Consider the following example: with the current best SID technology, with an equal error rate of 1%, we obtain 5 false alarms and 5 misses on a set of 500 analyzed recordings. These can be audited by human experts. For analysis of millions of recordings from different media, such techniques are not powerful enough and we are convinced that only with link analysis, the field can make a significant leap forward.
This project proposes to combine the strengths of speaker data mining and link analysis to provide LEAs an efficient tool to track and uncover criminals and terrorists. The project will not process speaker data separately, but:
- Make massive use of conversational nature of speech data - in case we know that A speaks often to B, then detecting A on one side of the call will automatically increase the prior probability of B even if the acoustic evidence is not reliable (due for example to illness, channel change or noise). A reliable diarization (determining who spoke when in the conversation) will be developed in the project as a crucial component for this analysis.
- Use of call content. Standard text-independent speaker identification ignores the content of the call, while a simple sentence “Peter speaking” heard on two different calls can completely change the game. It is out of scope of the project to develop perfect speech-to-text (S2T) engines for all possible languages but commercially available ones will be deployed to generate relevant content information and combine it with acoustic speaker information. For languages with missing S2T, language-independent techniques such as universal phoneme sets or automatically determined acoustic units (AUD) will be used.

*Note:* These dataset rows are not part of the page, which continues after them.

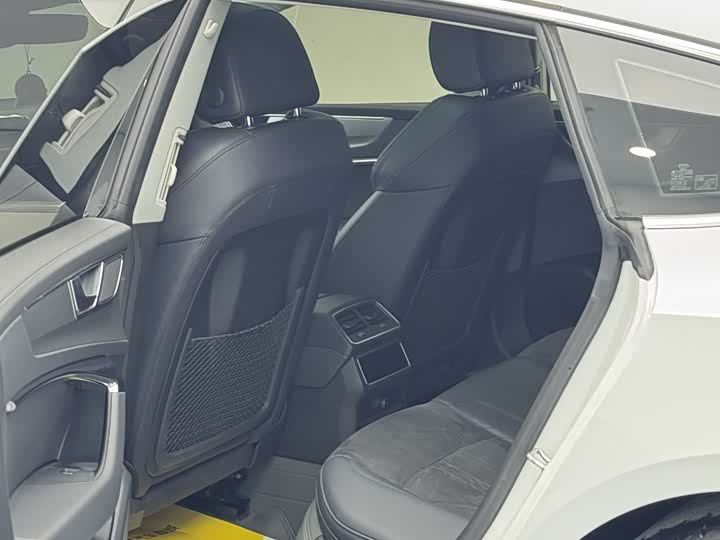 Фото 12 - Audi A7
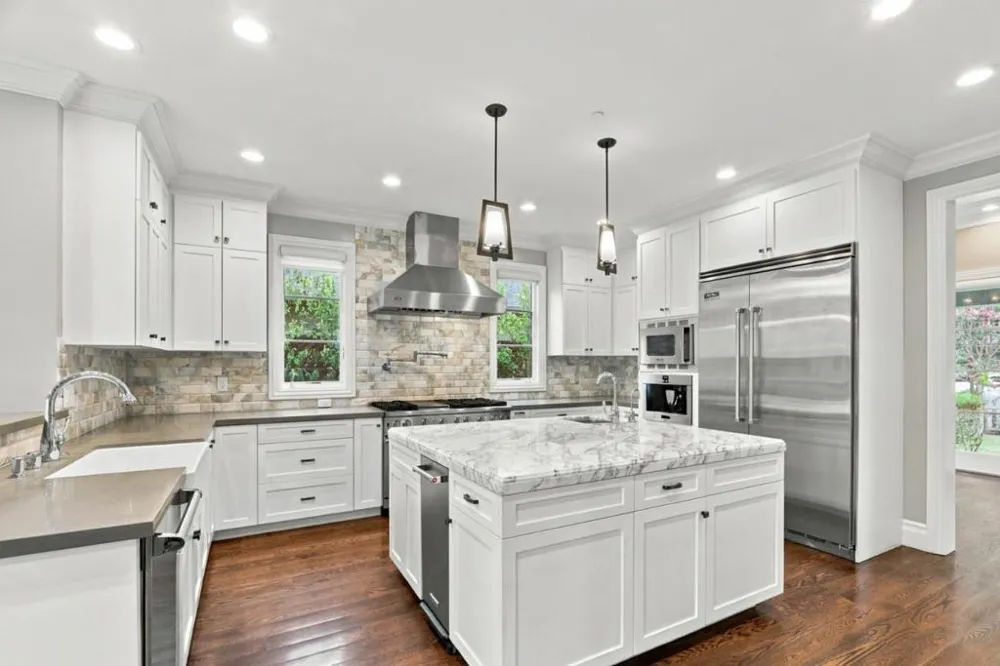 3878 Magnolia Drive Palo Alto, CA 94306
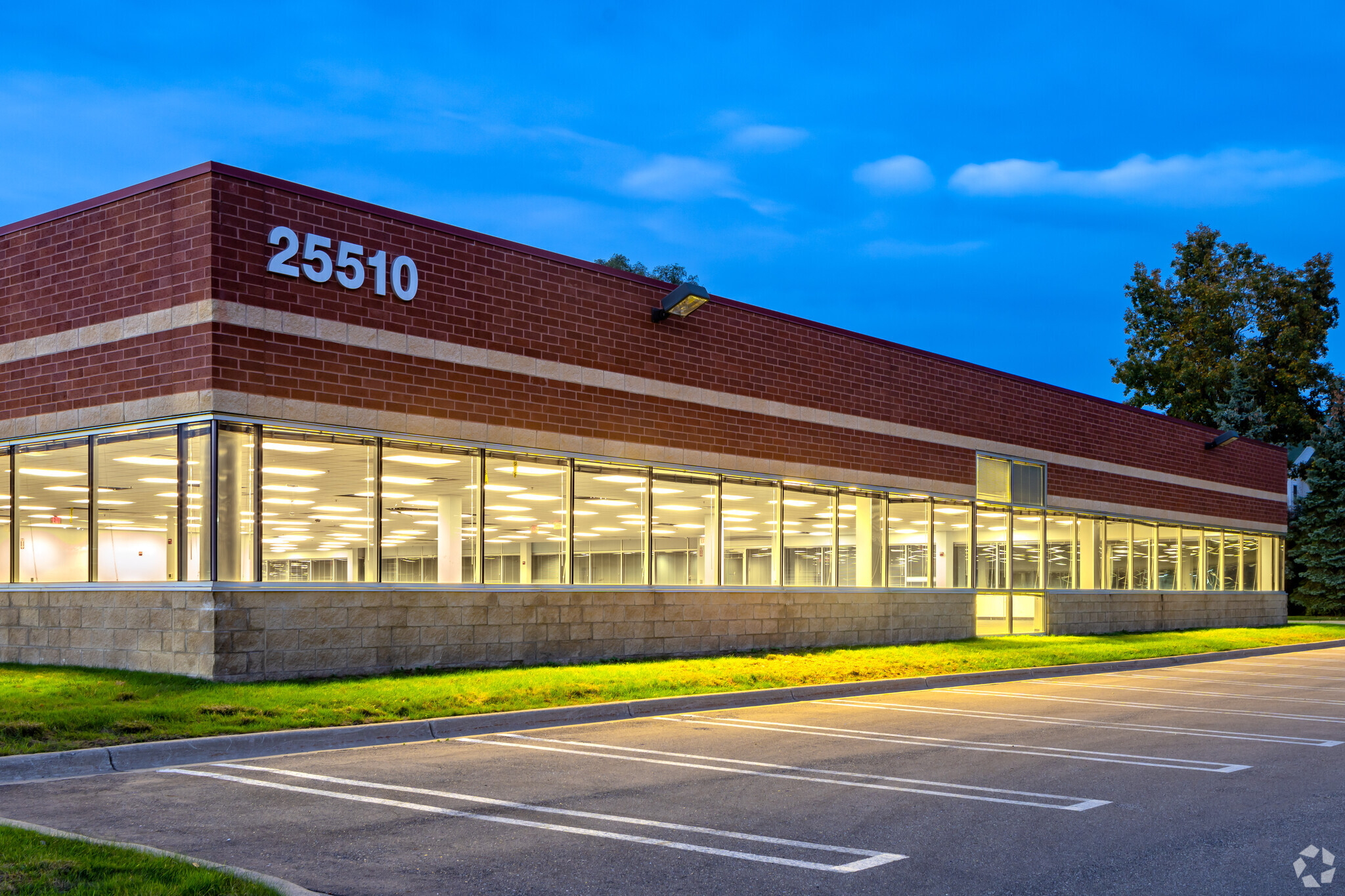 25510 W 11 Mile Rd, Southfield, MI for lease Building Photo- Image 1 of 25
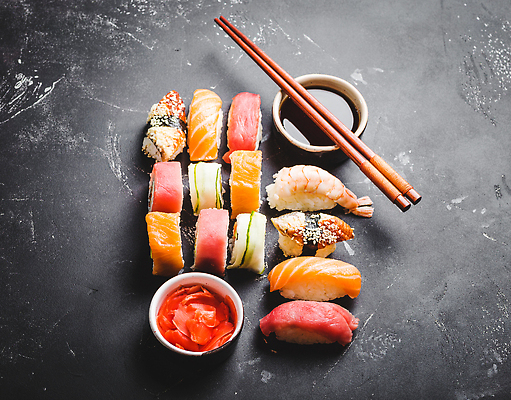 포토 JPG 해외이미지 젓가락 사람없음 초밥 간장 생강초절임 일본음식 해외202309 해외포토 음식 수저 양념 절임 파일형식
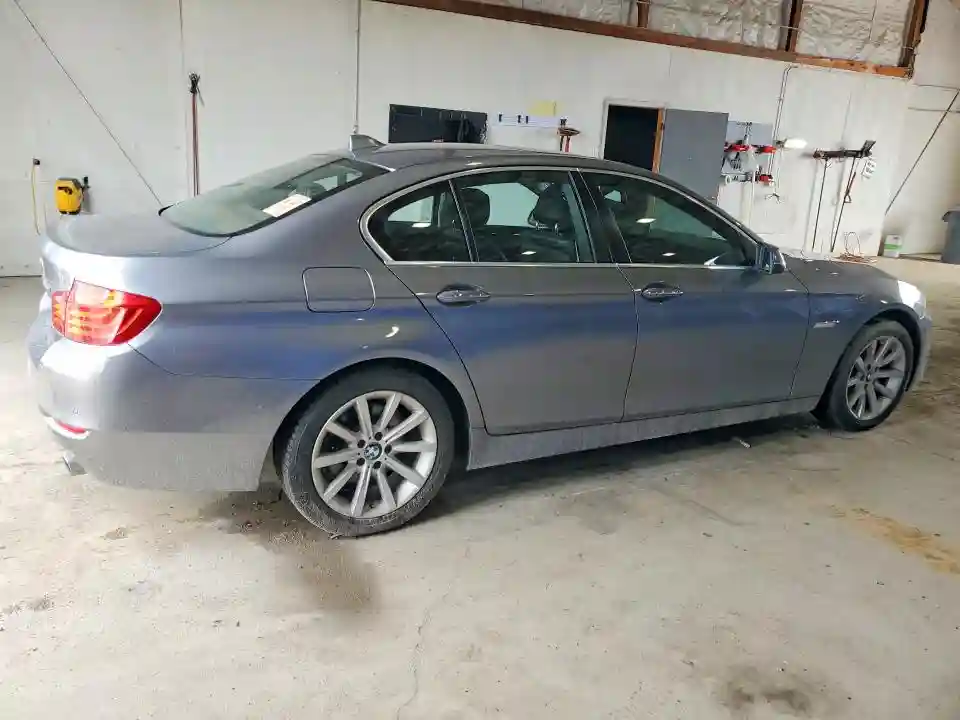 WBA5B1C53FD919731 2015 BMW 5 SERIES-2
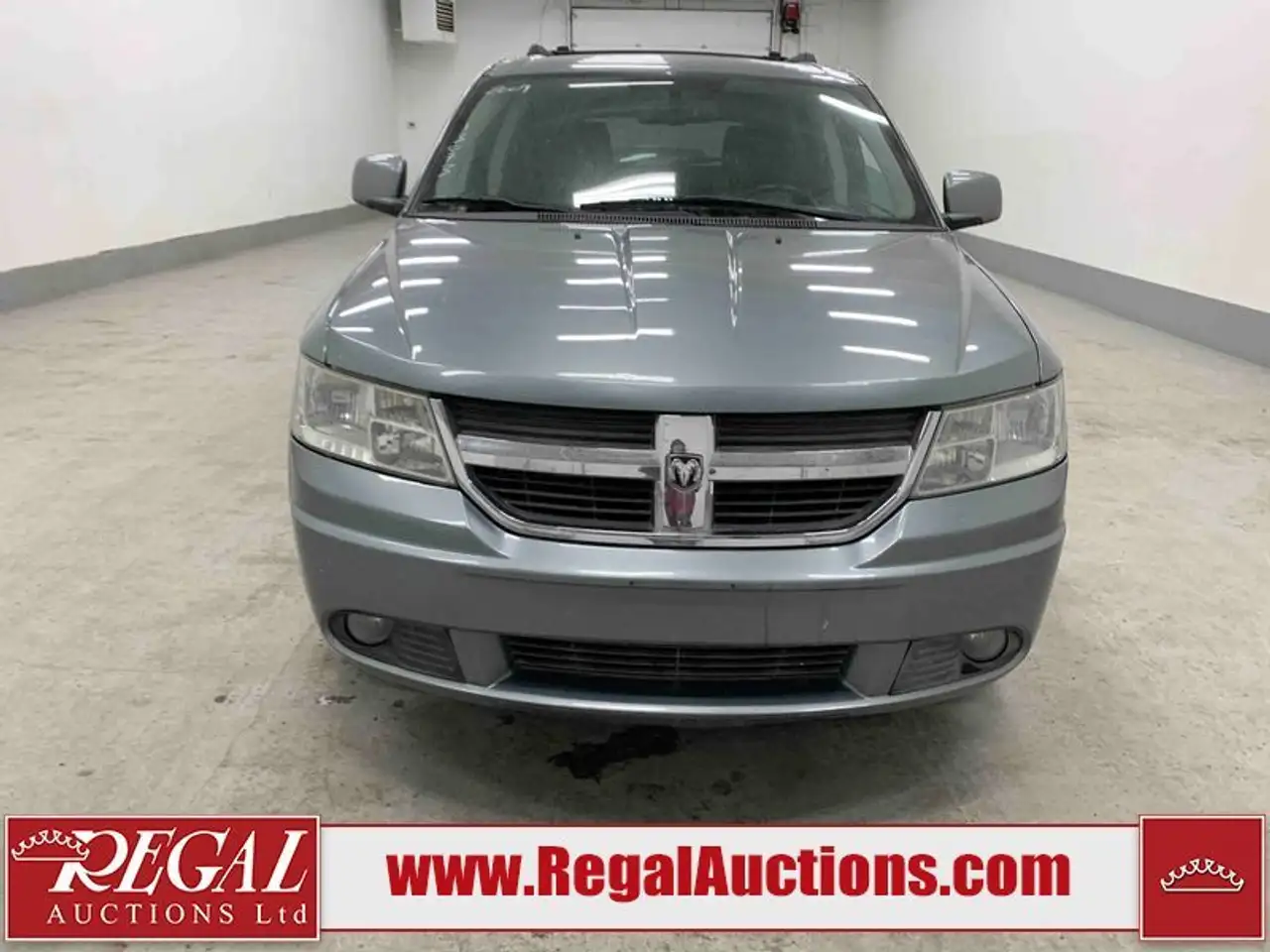 Dodge Journey снимка Dodge Journey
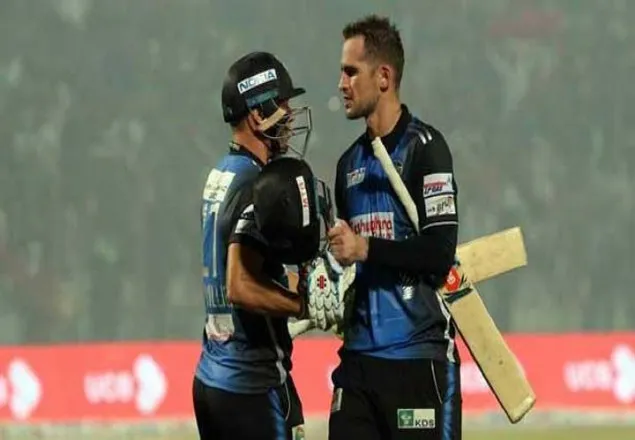 দাপুটে জয়ে শীর্ষে রংপুর রাইডার্স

- Meta-information is crucial for link analysis. Some of it is available (phone and IMEI numbers, geographical information, time-stamps) but the targets are aware such information is collected and have developed ways to falsify or obscure it (one-shot usage of prepaid SIM cards, use of Internet anonymization services, etc). Significant amount of meta-information can however be automatically extracted from the speech signal – for example, automatic detection of age, gender and accent of call participants. For example, identification of a pimp in an illegal child sexual network can be helped by the fact that his calls are predominantly to persons in <20 age category. Another interesting meta-information is the environment – even if the speaker changes his cell phone number every day, he is not likely to change his favorite car. Detecting that a call took place in given car can help the investigation.
- By time-relation analysis, a classical problem of speaker recognition (speaker speaking very little in a call) can be turned into an advantage, as this speaker can simply be identified by the fact that he is speaking little. Hierarchy and trust can be also partially inferred from this analysis.
Data will be crucial for project success. As this project can not count on huge amounts of real investigation or wire-tap data, most of the R&D work will be done on data from public resources: media and social networks. However, we count on exercises performed on real data by LEAs participating in the consortium, that will provide the developers a valuable feedback.
The result of the project will be a prototype of system capable of
ingesting a significant amount of voice data from different media, along with meta-information,
analyzing this data in unsupervised or lightly supervised way.
Presenting the resulting network analysis and converting it to forms integrable with standard investigation SW solutions, such as IBM i2 Analyst Notebook.